Coast Guard Celebrates 216 Years

Thursday, August 03, 2006
Local Coast Guard units plan on celebrating the Coast Guard's 216th year of serving the American public and protecting the nations waterways tomorrow. August 4, 1790, the Revenue Cutter Service was born when the 1st Congress approved the building of 10 cutters to enforce tariff and trade laws, prevent smuggling and protect the collection of the federal revenue, all while defending the young nation. The U.S. Life Saving Service was later created in response to a series of shipping accidents along the Eastern coast. Lifesaving stations were created up and down the coast and were often times manned by local towns people who carried out the rescue of shipwreck survivors.

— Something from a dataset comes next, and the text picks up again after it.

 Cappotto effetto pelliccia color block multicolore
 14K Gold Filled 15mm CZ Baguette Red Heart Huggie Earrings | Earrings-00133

Since that date, the Light House Service, the Life Saving Service, the Steamboat Inspection Service, and the Bureau of Navigation have combined with the Revenue Cutter Service to form what is now known as the nation's oldest continuous sea-going service and premier maritime agency, the United States Coast Guard. The modern missions of the Coast Guard are directly tied to the diverse achievements and legacy of these other services. Every day the Coast Guard continues to serve as the nation's front-line agency for a multitude of maritime missions, including protecting our coastline and ports, enforcing maritime laws, saving lives of mariners in distress, protecting the environment and maintaining aids to navigation.

Every day the Coast Guard saves 15 lives, conducts 82 search-and-rescue cases, enforces 115 security zones, tracks 3,004 vessels in the Automated Merchant Vessel Reporting system and seizes 27 pounds of marijuana and 927 pounds of cocaine with a street value of $12.4 million dollars.